GutenbergPy
I have created a library used for interfacing with Gutenberg from python code. This is the first article about GutenbergPy
Why use my library ?
- Only needs lxml (pymongo only if you use mongodb)
- SQLite cache build time: about 2 minutes (instead of more than one day)
- SQLite cache size: about 120 mb
- Mongodb cache build time: about 3 minutes (will probably be less in the future, as it’s not optimized)
- Mongodb cache size: about 300 mb (instead of 2 Gb berkley db previous solution)
- Fast queries on both solutions
Just try it !
If you need to use gutenberg meta information and get filtered texts for your project, fast, reliable, without overloading gutenberg servers: try GutenbergPy.
Check the usage by reading the Github page
Install the pypi package:
pip install gutenbergpy
Or if you are feeling adventurous you can install from source:
git clone https://github.com/raduangelescu/gutenbergpy
python setup.py install
Why did you do it?
I decided to continue improving artisticmachine42 quote capabilities. As I said in a [previous article]https://raduangelescu.com/post/artisticmachine42/, Started doing a simple reverse index for fast text searching -> wrote a library to help me scavenge for big-data from the gutenberg site.

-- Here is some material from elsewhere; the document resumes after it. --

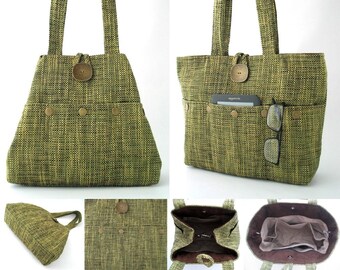 Green handbag, tote bag converts to hobo, shoulder bag, diaper bag, fabric purse, everyday bag, best selling items, ready to ship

Writing something like a reverse index, implies testing it on big data (in my case a lot of books). My go-to data source for my quote extraction was Gutenberg (great initiative, I am a big fan).
List of linked facts that made me do it :)
-
Searched the web for a good Python library for Gutenberg and found: this
-
Tried using the sqlite interface (great sqlite fan here :) ) after about 1 day + 1 night of running -> it still didn’t populate the cache.
-
Thought the sqlite cache feature was added later so it must be still in development -> used the bsd db cache -> took around 5 hours to populate (on a really good pc with a really good internet connection) and 2 GB of hdd space
-
I then proceeded to query all the books that are from a certain category with a certain language -> it failed.
-
Reported bug to developer
-
Read “the maintainer wanted to no longer maintain the project” -> thought it will never get fixed unless I do something about it
-
Downloaded the repository and started debugging -> saw nasty stuff, the cache base needed to be rewritten (in my opinion)
-
I decided to write my own and publish for everyone to use -> help the open source community
-
Wrote it -> published.
-
Published GutenbergPy -> maintainer of old library said he fixed the query bug :) (didn’t test it yet)
What about the other promised articles?
I had some crunch time at work so I didn’t have the time to write the other (bigger) articles on my site, but rest easy:
-
The gabor feature generation code is ready (writing a CUDA port). I didn’t forget, the article is coming soon :) .
-
The reverse index code is also ready so an article about that will also be coming soon. :)